I don't like the other responses to your comment.

> It's an incitement to violence

No, it's not. Otherwise, wouldn't that imply we should outlaw being mean altogether? Is being mean always an incitement for violence? Yes/No? I think it's clear, it's not.

> it's horrifically bad for the mental health

Citation needed.

> as a form of discrimination against those people

Again, no. Discrimination requires that it be 'unjust or prejudicial treatment', hate speech does not. Hate speech could be as little as explaining factual reasons you don't like another race.


> Hate speech could be as little as explaining factual reasons you don't like another race.

Part of the problem in this discussion seems to be that people have different definitions of 'hate speech'. That definition could be applicable to their country of origin or personal belief but it's pretty clear that definitions aren't even remotely compatible and it makes any sort of level-headed debate very difficult.


The real problem is that the concept of "hate speech" is nonsensical.
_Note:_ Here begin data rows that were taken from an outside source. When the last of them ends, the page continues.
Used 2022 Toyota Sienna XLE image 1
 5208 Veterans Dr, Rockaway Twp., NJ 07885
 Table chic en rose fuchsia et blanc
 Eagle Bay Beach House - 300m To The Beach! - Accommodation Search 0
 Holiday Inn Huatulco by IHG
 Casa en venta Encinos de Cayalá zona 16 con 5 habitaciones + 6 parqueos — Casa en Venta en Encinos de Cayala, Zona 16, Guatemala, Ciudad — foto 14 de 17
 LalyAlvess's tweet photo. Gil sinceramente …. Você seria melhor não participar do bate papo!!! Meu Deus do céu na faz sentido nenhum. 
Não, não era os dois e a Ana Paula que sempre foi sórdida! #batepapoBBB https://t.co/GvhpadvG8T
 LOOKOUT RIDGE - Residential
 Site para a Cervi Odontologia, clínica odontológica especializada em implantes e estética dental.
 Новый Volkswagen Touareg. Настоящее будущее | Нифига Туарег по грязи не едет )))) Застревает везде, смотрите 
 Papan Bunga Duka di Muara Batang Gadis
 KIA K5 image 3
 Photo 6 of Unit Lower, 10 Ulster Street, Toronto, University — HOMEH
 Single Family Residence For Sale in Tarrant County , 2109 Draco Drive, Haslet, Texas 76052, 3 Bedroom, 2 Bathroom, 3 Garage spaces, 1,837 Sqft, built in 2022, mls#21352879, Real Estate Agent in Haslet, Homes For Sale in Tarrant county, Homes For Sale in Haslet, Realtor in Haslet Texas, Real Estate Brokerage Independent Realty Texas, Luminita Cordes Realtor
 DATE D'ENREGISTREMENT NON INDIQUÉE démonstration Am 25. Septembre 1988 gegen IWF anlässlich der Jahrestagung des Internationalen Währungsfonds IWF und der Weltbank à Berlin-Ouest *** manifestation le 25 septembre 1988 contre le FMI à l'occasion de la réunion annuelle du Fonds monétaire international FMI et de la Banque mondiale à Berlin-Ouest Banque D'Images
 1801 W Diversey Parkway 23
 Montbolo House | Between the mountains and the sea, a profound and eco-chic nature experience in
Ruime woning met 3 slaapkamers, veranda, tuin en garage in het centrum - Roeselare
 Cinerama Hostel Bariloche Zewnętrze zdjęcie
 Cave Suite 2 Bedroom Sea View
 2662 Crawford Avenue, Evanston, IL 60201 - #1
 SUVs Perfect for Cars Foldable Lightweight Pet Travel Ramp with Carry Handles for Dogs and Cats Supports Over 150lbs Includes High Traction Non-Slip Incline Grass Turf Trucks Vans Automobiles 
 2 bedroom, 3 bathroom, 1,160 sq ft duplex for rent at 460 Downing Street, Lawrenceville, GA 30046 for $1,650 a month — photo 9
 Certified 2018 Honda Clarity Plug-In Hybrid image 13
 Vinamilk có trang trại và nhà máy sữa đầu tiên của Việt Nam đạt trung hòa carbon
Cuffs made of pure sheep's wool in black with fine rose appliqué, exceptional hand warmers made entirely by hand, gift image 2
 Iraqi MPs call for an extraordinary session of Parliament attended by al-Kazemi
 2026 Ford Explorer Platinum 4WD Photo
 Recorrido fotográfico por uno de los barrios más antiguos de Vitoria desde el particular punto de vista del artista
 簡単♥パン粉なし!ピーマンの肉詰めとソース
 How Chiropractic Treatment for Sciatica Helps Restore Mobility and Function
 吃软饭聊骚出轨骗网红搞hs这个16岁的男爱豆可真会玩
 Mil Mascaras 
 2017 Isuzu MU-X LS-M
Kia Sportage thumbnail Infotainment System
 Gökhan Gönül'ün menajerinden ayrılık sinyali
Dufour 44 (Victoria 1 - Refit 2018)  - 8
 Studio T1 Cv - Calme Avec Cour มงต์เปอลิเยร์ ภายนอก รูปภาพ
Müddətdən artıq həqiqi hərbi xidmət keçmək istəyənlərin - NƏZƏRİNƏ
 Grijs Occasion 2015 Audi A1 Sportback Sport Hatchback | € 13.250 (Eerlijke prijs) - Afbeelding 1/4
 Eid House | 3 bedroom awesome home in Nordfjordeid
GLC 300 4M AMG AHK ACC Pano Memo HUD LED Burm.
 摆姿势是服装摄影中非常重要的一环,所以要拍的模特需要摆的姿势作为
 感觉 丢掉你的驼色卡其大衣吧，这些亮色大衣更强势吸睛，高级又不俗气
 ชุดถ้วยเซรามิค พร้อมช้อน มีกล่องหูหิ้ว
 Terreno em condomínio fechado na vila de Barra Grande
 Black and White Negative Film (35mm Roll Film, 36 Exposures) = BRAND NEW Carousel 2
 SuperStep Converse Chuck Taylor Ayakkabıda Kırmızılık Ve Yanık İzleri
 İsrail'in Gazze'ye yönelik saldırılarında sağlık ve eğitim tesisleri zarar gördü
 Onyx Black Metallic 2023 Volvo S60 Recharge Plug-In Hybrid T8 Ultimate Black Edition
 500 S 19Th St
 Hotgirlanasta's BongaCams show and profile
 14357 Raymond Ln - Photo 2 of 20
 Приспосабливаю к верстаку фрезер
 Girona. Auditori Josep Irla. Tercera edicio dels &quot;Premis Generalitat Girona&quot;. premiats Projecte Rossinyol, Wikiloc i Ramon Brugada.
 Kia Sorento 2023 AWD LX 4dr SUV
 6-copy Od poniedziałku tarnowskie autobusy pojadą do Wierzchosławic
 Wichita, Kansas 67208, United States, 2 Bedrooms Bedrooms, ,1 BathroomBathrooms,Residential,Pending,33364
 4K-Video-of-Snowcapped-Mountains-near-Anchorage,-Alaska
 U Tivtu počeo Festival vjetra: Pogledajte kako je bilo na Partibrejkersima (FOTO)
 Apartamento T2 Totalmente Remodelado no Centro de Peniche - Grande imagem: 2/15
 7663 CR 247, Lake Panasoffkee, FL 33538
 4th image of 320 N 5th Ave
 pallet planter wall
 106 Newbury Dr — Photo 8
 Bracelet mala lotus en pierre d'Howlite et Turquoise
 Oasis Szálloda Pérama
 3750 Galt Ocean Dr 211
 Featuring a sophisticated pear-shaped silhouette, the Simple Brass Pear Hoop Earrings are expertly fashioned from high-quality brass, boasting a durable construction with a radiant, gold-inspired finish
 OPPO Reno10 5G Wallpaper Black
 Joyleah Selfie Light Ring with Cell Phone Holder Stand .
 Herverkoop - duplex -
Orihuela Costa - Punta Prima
It is a term created exactly to polarize debates and prevent rational discourse. Calmly explain that to any one that attempts to use the term - or ask them to clarify exactly what they mean. We must reject politically engineered attempts to ruin the public debate.


You're taking your own definition of 'hate speech' which is irrelevant mostly. The important definition if you have an issue with laws limiting speech (through limits on hate speech) is the definition used by those. In most western democracies speech is only limited to prevent, as the parent said, incitement to violence and even then there should be protections in place to prevent abuse of those laws (and there are).

>> No, it's not. Otherwise, wouldn't that imply we should outlaw being mean altogether?

I don't understand what you're trying to imply here, it doesn't seem to make sense. Being mean could be telling someone they look ugly in those clothes. No incitement to violence. "All minority are evil, kill all *minority" would be an incitement to violence. Pretty clear cut. Being 'mean' has nothing to do with it.

>> Hate speech could be as little as explaining factual reasons you don't like another race.

Citation needed. Where is this law or definition of hate speech?


If someone is yelling "Kill all $racialslur" are they practicing hate speech yet? They are most certainly openly advocating violence against a specific group not just "being mean" Hate speech can indeed be quantified. Though definitions will vary (as with anything.)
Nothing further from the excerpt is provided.